P2-127 A Novel Method to Achieve Complete Low-copy Number Plasmid Sequences of Salmonella enterica

Tuesday, July 11, 2017
Exhibit Hall (Tampa Convention Center)
Kuan Yao , U.S. Food and Drug Administration - Center for Food Safety and Applied Nutrition , College Park , MD
Narjol Gonzalez-Escalona , U.S. Food and Drug Administration , College Park , MD
Julien Marquis , Nestlé Institute of Health Sciences , Lausanne , Switzerland
Marc Allard , U.S. Food and Drug Administration , College Park , MD
Maria Hoffmann , U.S. Food and Drug Administration , College Park , MD
Introduction: Plasmids play a major role in bacterial adaption to environmental stress and often contribute to antibiotic resistance and disease virulence. To study plasmid biology the complete plasmid sequence is essential. The majorities of antibiotic resistance and virulence plasmids in Salmonella have a low copy number and unfortunately, are hard to extract and to sequence. The existent protocol consists in a laborious transformation of the plasmid solution, extracted from Salmonella, into Escherichia coli in order to achieve enough DNA for accurate sequencing. Therefore there is a need for a fast method to produce high quantity and good quality of plasmid DNA.

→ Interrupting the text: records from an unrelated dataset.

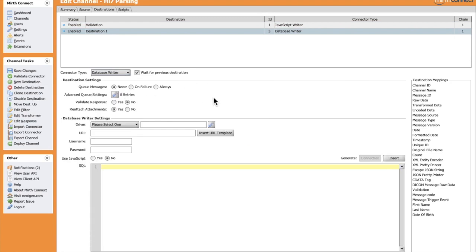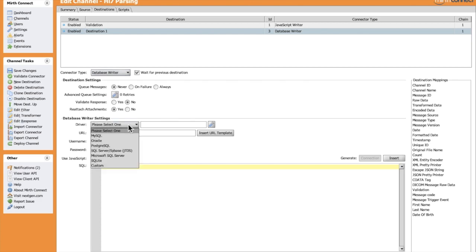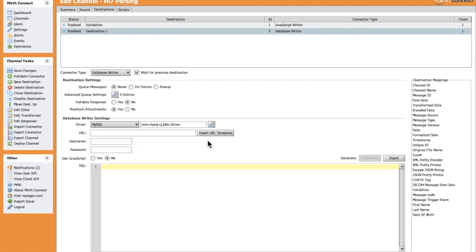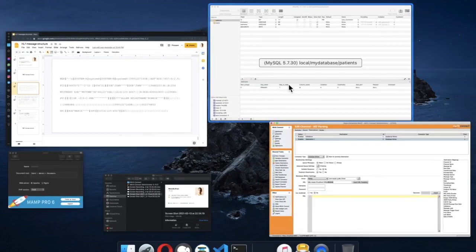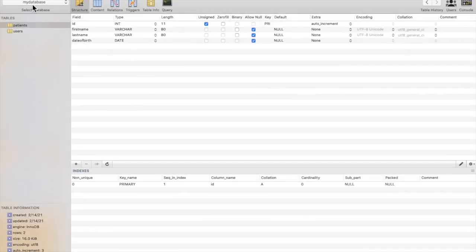Here we have some configuration. For the writer settings, we can choose MySQL. Let's insert the URL template and modify it. We have a local database, so localhost, and the port is the default port 3306. The database name is MyDatabase.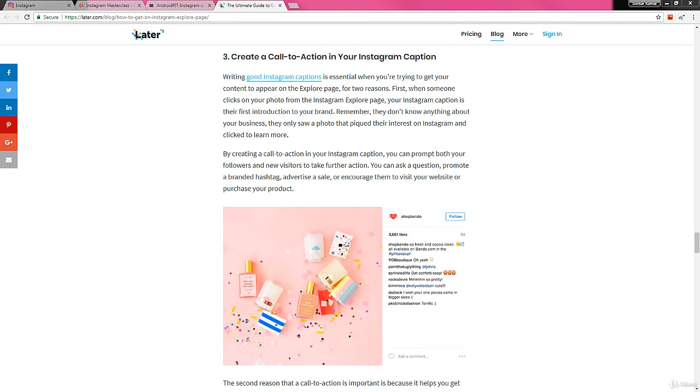Next, create a call to action in your Instagram caption so that your followers can be engaged in your content.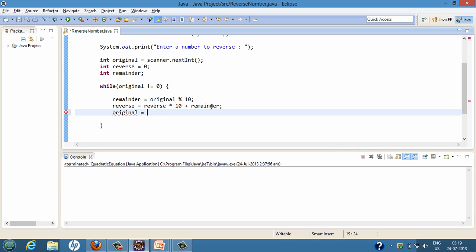Now original becomes original divided by 10. What this does is it removes the unit digit. So for the first iteration, it removes the unit digit from the original value and assigns it back to original.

Purpose: The purpose of this study was to test the efficiency of rolling circle amplification for replicating Salmonella plasmid DNA to a satisfactory amount making it suitable for sequencing.

Methods: Six Salmonella enterica isolates, carrying known low copy number plasmids, representing five different serovars were cultured and the plasmids were isolated using the Qiagen Plasmid Mini Kit. The plasmid DNA solution was amplified using the REPLI-g Mitochondrial DNA kit. The amplified plasmids were sequenced on the Pacific Biosciences RSII sequencer.

Results: High copies of Salmonella plasmid DNA were acquired through rolling circle amplification for sequencing. We were able to completely close all five Salmonella plasmids (size ranged from 38 Kb to 190 Kb) with a sequencing coverage from 2,400X to 5,800X. All de novo assembled plasmids aligned 100% with their reference genome on NCBI.

Significance: This novel protocol, consisting of plasmid isolation, replication and sequencing, is a valuable tool for closing high-molecular weight and low-copy-number plasmids. The rolling circle amplification was proven to be an effective and fast method for plasmid DNA replication by passing the low copy number hindrance without laborious transformation into Escherichia coli. This protocol will be beneficial for high throughout plasmid sequencing.